Alta Pusteria (Hochpustertal): An Overview
Alta Pusteria, or Hochpustertal, as it is known in German, is located in the eastern section of the Pustertal Valley in Northern Italy. It is situated in the midst of the Dolomites; and has the unusual distinction of belonging to both East and South Tyrol. However, in spite of the split, the landscape and atmosphere of Alta Pusteria remains harmonious and tranquil, with plenty of walking paths to suit all abilities and ages.
The area is renowned for its impressive landscapes, and whilst in Alta Pusteria, visitors can enjoy spectacular floral displays, with alpine flowers decorating the sides of the mountains, and fertile green meadows. Surrounding the area, there are the peaks of the Carnic Alps, the Dolomites and the Villgrater mountains, all of which provide ample opportunities for mountain walking and other outdoor activities. In particular, visitors come from miles around to experience the Tre Cime di Lavaredo (Drei Zinnen in German); three remarkable peaks in North-Eastern Italy that rise upwards like battlements and create an astoundingly dramatic effect within the landscape.
A hiking route of particular note is, of course, the world-renowned tour of the Three Peaks (Tre Cime / Drei Zinnen), which begins and ends at the Auronzo Hut (2,320m/7,612ft) and offers remarkable views of the mountains. Indeed, the area is so synonymous with this landmark that it is often referred to as ‘The Land of the Three Peaks’. The route takes approximately 4 hours and although it requires some stamina, it is relatively accessible for all.
There are five picturesque villages located within Alta Pusteria, of which Dobbiaco (Toblach in German) is the most famous. This village serves as an excellent base for those wishing to visit the Three Peaks (Tre Chime / Drei Zinnen), and visitors will often hear it called the ‘Door to the Dolomites’.
Exploring the Alta Pusteria / Hochpustertal Area on Foot
There are numerous hiking trails in Alta Pusteria. Due to the varied landscape, the routes are highly diverse, ranging from picturesque valley strolls to more challenging mountain treks.
The area is also blessed with a number of beautiful lakes, including the Lago di Braies, or Lake Pragser Wildsee (German name) which is located in the Prags Valley and is unusually deep (36m/118ft), with a startling emerald-green colour. Alternatively, walkers and ramblers can head deep into the forests; and there are many trails which wind a path through the woods and valleys.

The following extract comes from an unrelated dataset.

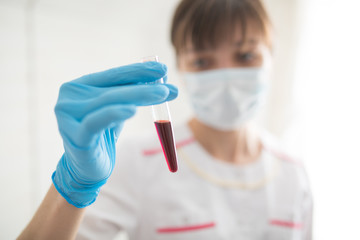 Female nurse holding a test tube with a blood sample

Things to Do in Alta Pusteria (Hochpustertal) on a Rainy Day / Rest Day
Alta Pusteria is a real hot-spot for outdoor sports enthusiasts. In addition to the excellent walking, travellers can take to the mountain trails by bike; or make the most of the craggy mountains by going rock climbing or trying a via ferrata. Alta Pusteria is widely recognised as one of the best places in the region for climbing, and there are plenty of locations, such as the Landro Climbing Garden in the Rienza Valley, where there are various routes for all difficulty levels on offer.
The area caters well for families too, and there are plenty of child-friendly activities to enjoy, such as taking part in a boating trip on Lake Dobbiaco (Toblacher See). Alternatively, if the weather is bad, a visit to the Acquafun Adventure Bath at San Candido is a good way to spend the afternoon, and also has a sauna for the adults.

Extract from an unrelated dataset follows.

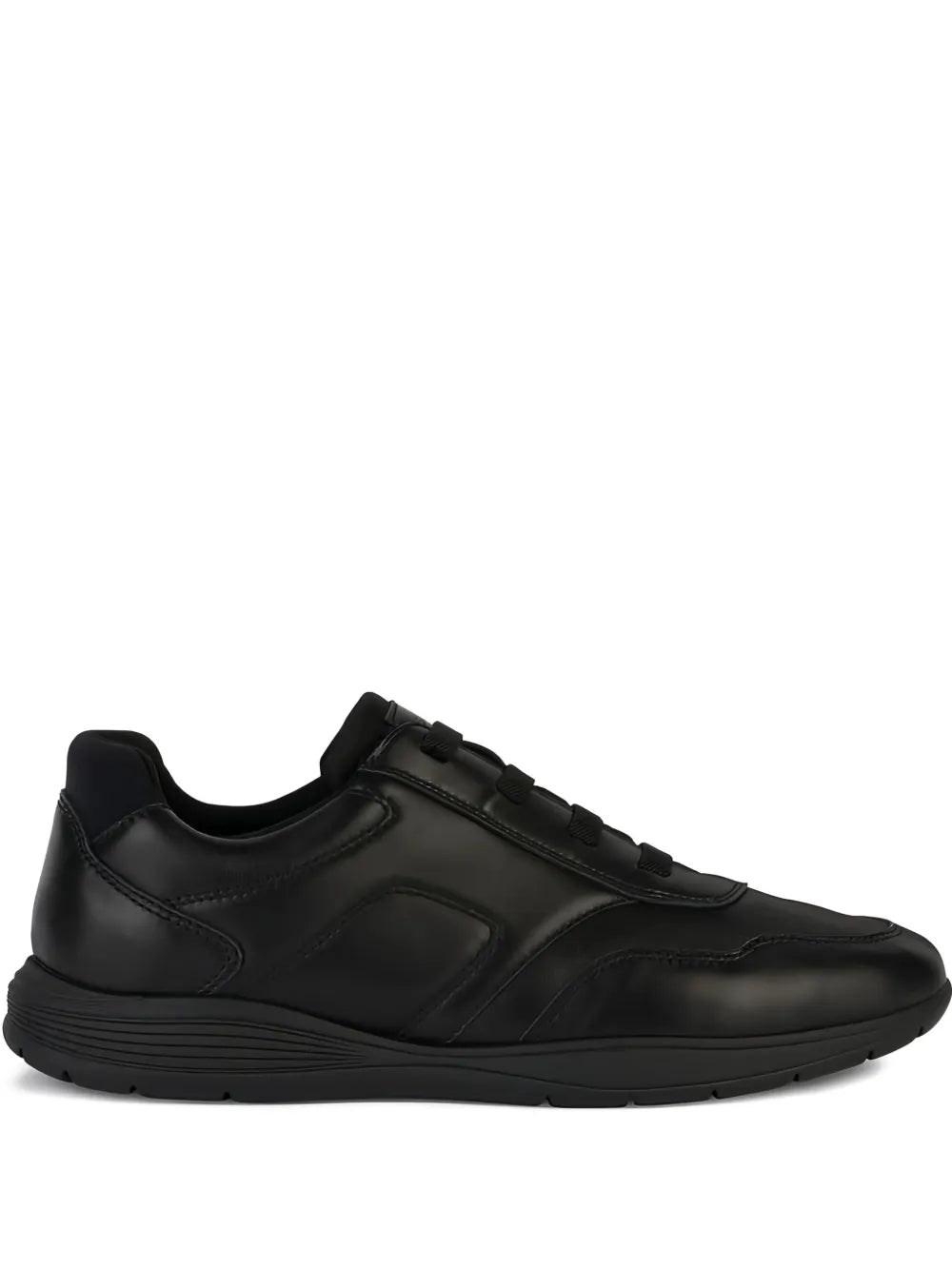 Black low-top sneakers with lace-up closure and cushioned sole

There are plenty of historic and cultural attractions, including Heinfels Castle, which, high up in the hills, is often dubbed the ‘Queen of Pustertal’; and the Church of San Giovanni Battista in Dobbiaco, a beautiful Baroque construction with exceptional frescoes inside, not to mention an impressive red marble altar.

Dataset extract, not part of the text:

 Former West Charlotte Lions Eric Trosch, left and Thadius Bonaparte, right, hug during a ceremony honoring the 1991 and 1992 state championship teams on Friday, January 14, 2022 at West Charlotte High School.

The villages are quintessentially alpine in personality, with pretty terracotta roofs and whitewashed buildings, combined with some more ancient architectural treasures. Dobbiaco (Toblach) is particularly scenic with buildings dating back as far as the 16th century, and historically has been celebrated for its healing airs. Famous guests to the village include the composer Gustav Mahler, who claimed that the village was a ‘real retreat for body and soul’. Whilst in the villages, ensure to book a table in one of the many fine restaurants, where visitors can sample some of the local specialities, including German-inspired Schnitzel and Tyrolean Ravioli.
How to Get to Alta Pustaria / Hochpustertal
The Alta Pustaria area is spread across sections of both East and South Tyrol, and is well served by a number of international airports. The closest airport is Venice Marco Polo, which is approximately 2 hour’s drive away; and other not to far away airports include Innsbruck and Verona.
Coach and taxi transfer services operate in the area, and it is also possible to catch a train to the area; the nearest train station is at Lienz (East Tyrol, Austria).
Alta Pusteria is well served by main roads and highways, and the European route E66 passes right through the valley.